Even If Driverless Cars Are Banned In America, They’ll Be Allowed Somewhere

People ride the ‘citymobil’, the first received electric driverless car (’Cybercars’), on May 12, 2011 in La Rochelle, western France, on the inauguration day of this collective transport system aiming at reducing both traffic and pollution.

Photo by PIERRE ANDRIEU/AFP/Getty Images

Will autonomous computer-piloted automobiles change the world? Some say yes others say no. I’ve been known to have my doubts that they’ll clear regulatory hurdles, and Megan McArdle observes that the structure of personal injury litigation in the United States could be a major challenge. But she also points to the reason I’m fundamentally optimistic, namely that the United States isn’t an island.

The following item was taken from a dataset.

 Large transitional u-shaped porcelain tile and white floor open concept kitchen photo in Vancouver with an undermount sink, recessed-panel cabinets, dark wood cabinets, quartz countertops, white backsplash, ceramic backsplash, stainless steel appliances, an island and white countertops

She says that “If driverless cars happen, I expect they’ll be pioneered in Europe, and only grudgingly be adopted here.”


The bigger story is that this is a reason why American relative decline and rising incomes in Asia is something we should welcome rather than fear. There are all kinds of situations in which policymakers face tradeoffs between innovation and other kinds of priorities. And different sets of policymakers are going to make different decisions about the tradeoffs. In a world where the United States is an overwhelmingly large player, then any poor tradeoffs we make are difficult to revisit. But in a more diverse world, someone else might do it. For autonomous cars to get off the ground, they really only need to get off the ground in one place. That could be California, but it could also be Germany or Brazil or China or Japan.

My guess would be that promising-but-scary technology is more likely to be pioneered in a poorer country, since as people get wealthier they tend to become more risk averse and prioritize safety. But if something proves really useful and basically safe in some subset of countries, the pressure to change the rules elsewhere should become intense.